Saving, loading and logging¶

In this section, you will find the information you need to log data with TensorBoard or Weights & Biases and to save and load checkpoints and memories to and from persistent storage.

TensorBoard integration¶

TensorBoard is used for tracking and visualizing metrics and scalars (coefficients, losses, etc.). The tracking and writing of metrics and scalars is the responsibility of the agents (can be customized independently for each agent using its configuration).

Configuration¶

Each agent offers the following parameters under the experiment key:

ExperimentCfg(
    directory="",  # experiment's parent directory
    experiment_name="",  # experiment name
    write_interval="auto",  # TensorBoard writing interval (timesteps)
    checkpoint_interval="auto",  # interval for checkpoints (timesteps)
    store_separately=False,  # whether to store checkpoints separately
    wandb=False,  # whether to use Weights & Biases
    wandb_kwargs={},  # Weights & Biases arguments
)

directory: directory path where the data generated by the experiments (a subdirectory) are stored. If no value is set, the runs folder (inside the current working directory) will be used (and created if it does not exist).
experiment_name: name of the experiment (subdirectory). If no value is set, it will be the current date and time and the agent’s name (e.g. 22-01-09_22-48-49-816281_DDPG).
write_interval: interval for writing metrics and values to TensorBoard. A value equal to or less than 0 disables tracking and writing to TensorBoard. If set to "auto" (default value), the interval will be defined to collect 100 samples throughout training/evaluation (timesteps / 100).
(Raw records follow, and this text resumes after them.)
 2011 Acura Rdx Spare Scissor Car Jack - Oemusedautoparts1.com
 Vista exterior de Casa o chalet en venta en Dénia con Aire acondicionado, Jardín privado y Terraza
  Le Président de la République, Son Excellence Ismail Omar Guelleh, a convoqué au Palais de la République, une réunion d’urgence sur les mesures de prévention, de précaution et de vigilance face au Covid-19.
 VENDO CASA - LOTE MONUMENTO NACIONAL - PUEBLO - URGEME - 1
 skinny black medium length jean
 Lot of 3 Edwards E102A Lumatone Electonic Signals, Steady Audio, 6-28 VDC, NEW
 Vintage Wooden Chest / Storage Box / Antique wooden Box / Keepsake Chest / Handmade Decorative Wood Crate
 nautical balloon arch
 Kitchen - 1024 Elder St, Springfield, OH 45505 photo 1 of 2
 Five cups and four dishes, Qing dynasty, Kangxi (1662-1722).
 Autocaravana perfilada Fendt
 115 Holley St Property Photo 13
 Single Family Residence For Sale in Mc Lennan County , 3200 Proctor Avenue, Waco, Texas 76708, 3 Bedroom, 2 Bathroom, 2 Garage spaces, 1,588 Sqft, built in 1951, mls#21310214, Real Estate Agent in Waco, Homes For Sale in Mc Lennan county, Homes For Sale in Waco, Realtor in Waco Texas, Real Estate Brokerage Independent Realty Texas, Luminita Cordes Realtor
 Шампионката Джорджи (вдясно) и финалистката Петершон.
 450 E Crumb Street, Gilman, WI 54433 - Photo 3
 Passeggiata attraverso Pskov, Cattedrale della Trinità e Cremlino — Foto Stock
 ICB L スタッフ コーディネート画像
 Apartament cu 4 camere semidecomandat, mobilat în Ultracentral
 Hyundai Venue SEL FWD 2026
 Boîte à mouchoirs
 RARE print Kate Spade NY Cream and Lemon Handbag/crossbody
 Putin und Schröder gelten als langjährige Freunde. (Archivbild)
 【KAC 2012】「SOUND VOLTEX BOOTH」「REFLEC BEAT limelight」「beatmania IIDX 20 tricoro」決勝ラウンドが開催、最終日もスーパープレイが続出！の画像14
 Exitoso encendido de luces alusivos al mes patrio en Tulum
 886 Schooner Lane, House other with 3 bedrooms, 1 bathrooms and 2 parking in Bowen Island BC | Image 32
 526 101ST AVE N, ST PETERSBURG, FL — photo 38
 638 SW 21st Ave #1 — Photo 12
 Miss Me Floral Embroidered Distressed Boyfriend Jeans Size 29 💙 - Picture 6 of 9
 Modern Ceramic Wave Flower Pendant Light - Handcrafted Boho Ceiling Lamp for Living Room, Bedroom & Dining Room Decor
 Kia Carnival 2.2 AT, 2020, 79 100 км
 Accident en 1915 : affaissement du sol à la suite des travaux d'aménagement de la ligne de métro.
Tracked metrics/scales visualization¶

To visualize the tracked metrics/scales, during or after the training, TensorBoard can be launched using the following command in a terminal:

tensorboard --logdir=PATH_TO_RUNS_DIRECTORY

Tracking custom metrics/scales¶

Tracking custom data attached to the agent’s control and timing logic (recommended)

Although the TensorBoard’s writing control and timing logic is controlled by the base class Agent, it is possible to track custom data. The track_data() method can be used for this purpose by passing the data identification (tag) and the scalar value to be recorded as arguments.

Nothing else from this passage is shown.